ECONOMY

SEV eyes investment measures

SEV eyes investment measures

The Greek economy will require a 100-billion-euro increase in total investment up until 2022 to offset the losses it has suffered from the major divestment recorded in recent years, the head of the Hellenic Federation of Enterprises (SEV), Theodore Fessas, wrote in a letter to Deputy Prime Minister Yiannis Dragasakis, State Minister for Investment Nikos Pappas and the Finance Ministry.

The same letter includes a series of proposals aimed at improving the investment environment and boosting state revenues through fiscally neutral measures that will not harm enterprises or demand.

Calling for a drastic improvement on all fronts that affect business sentiment, Fessas noted that in the next few months SEV will increase its interventions aimed at creating a stable and attractive framework for attracting investment.

On the taxation level, SEV proposes changes to tax monitoring, particularly regarding any pending issues from previous years, as well as a review of certain special consumption taxes related to the production process itself. SEV specifically recommends the immediate application of the tax compliance certificate for companies that qualify, and the set-up of regional committees for the resolution of pending cases.
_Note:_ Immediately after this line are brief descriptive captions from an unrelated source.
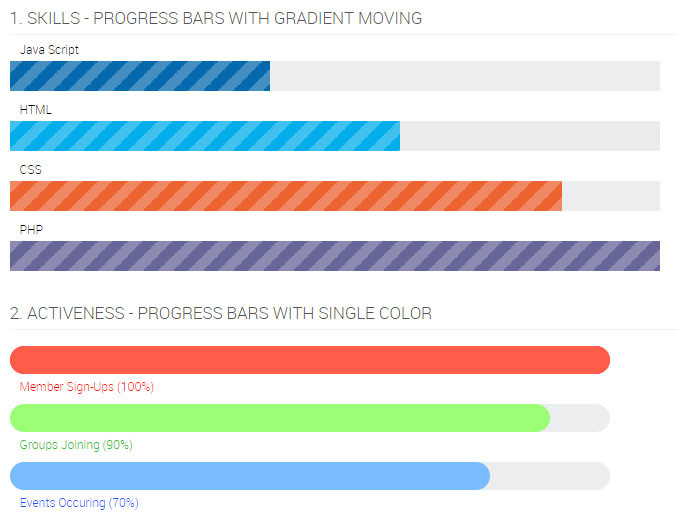 Progress Bars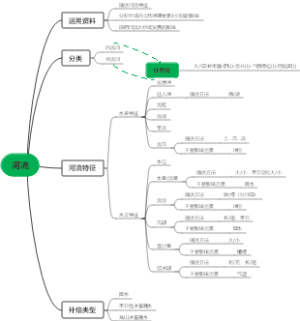初中地理关于河流知识点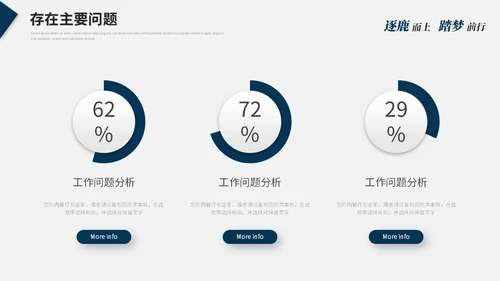 蓝色简约大气线条几何年度工作总结工作汇报述职报告ppt模板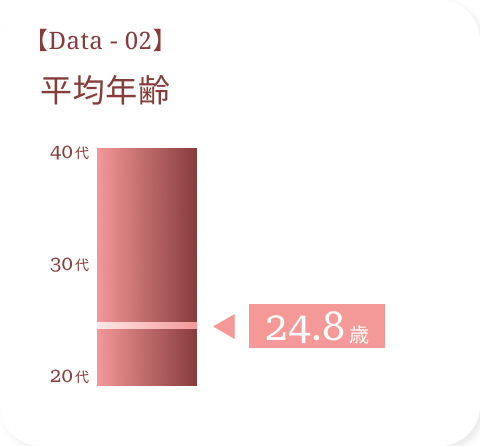 平均年齢データ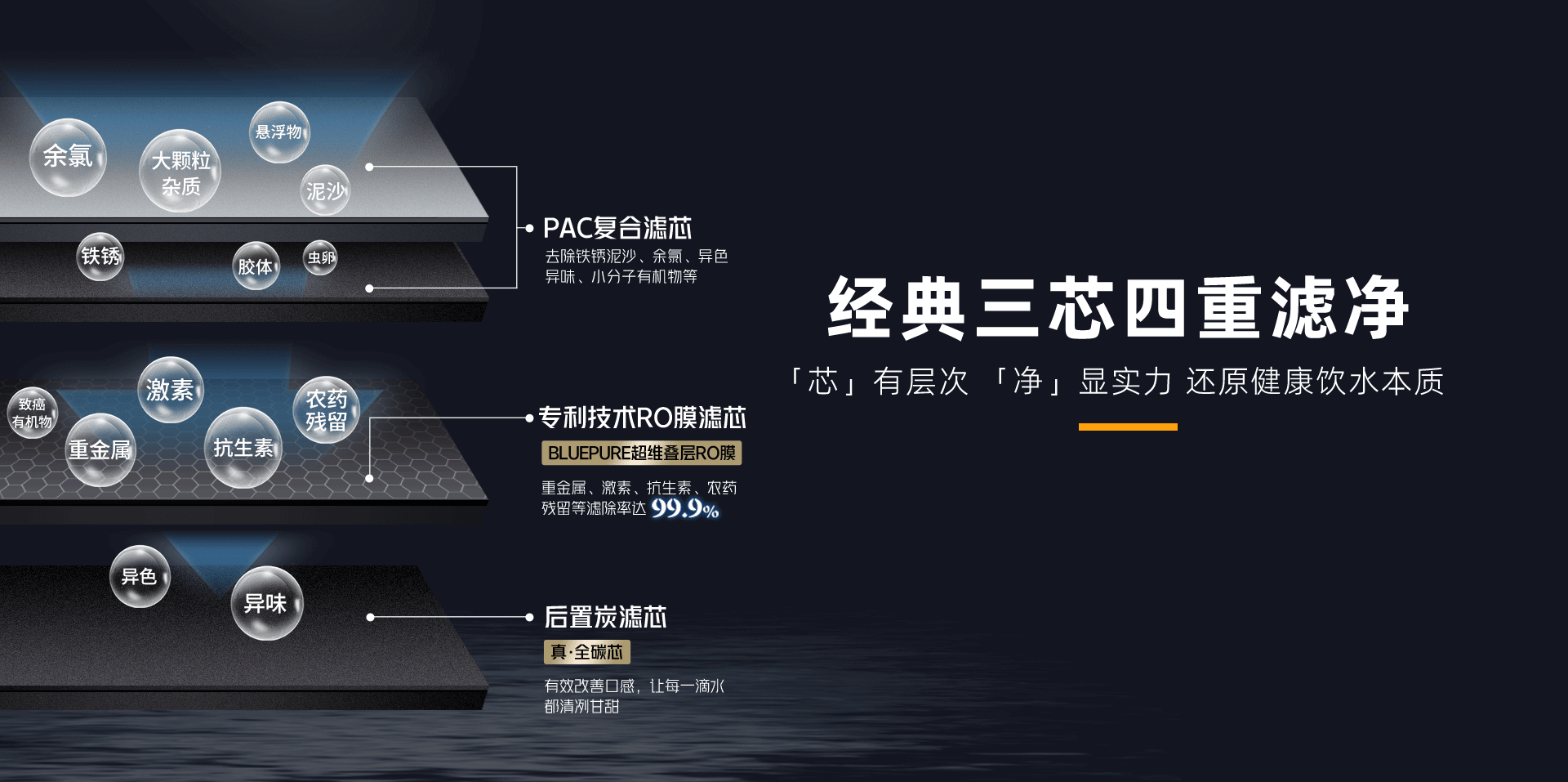 至臻系列凈熱一體機-RC800 Plus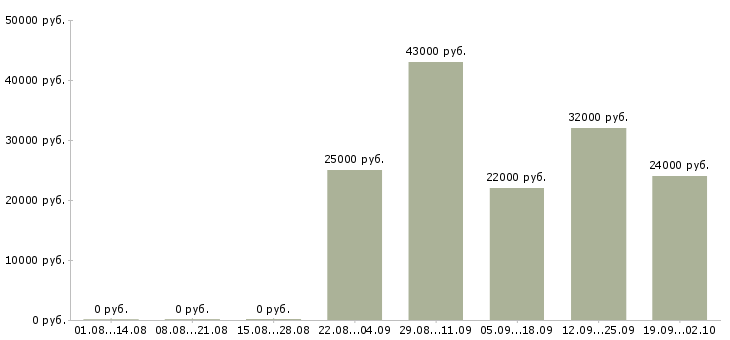 Вакансии менеджер активных продаж в Тамбове - Медиана зарплат менеджер активных продаж в Тамбове за 2 месяца
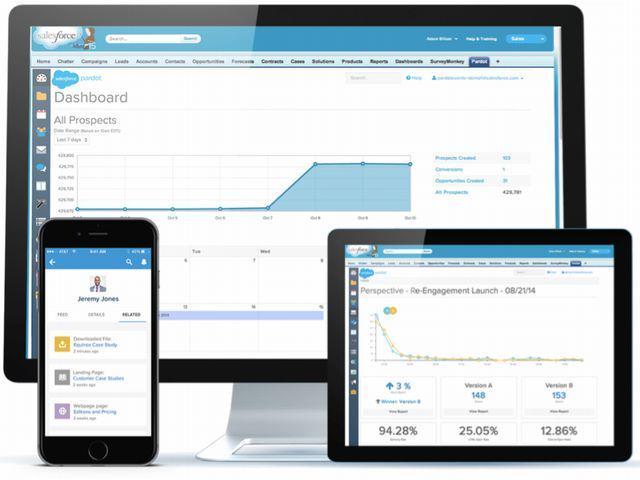 マーケティングオートメーション分野は、今後も長期的な成長が見込まれる。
These two measures alone are expected to benefit public coffers to the tune of 650-850 million euros per annum, while also reducing the burden on tax authorities and courts.

The industrialists further consider it necessary to adjust special consumption taxes on energy products of industrial use and to remove the special consumption tax on natural gas for electricity production.

Besides the lifting of tax-related counterincentives, SEV proposes the introduction of tax incentives: At the heart of its proposals for turning Greece into a significant investment destination are two ideas concerning the tax-related rewarding of productive expenditure that generates profits, and the encouragement of exemplary investments in sectors such as technology, infrastructures, manufacturing etc, with the introduction of a competitive rate tax that will remain unchanged for 10 years.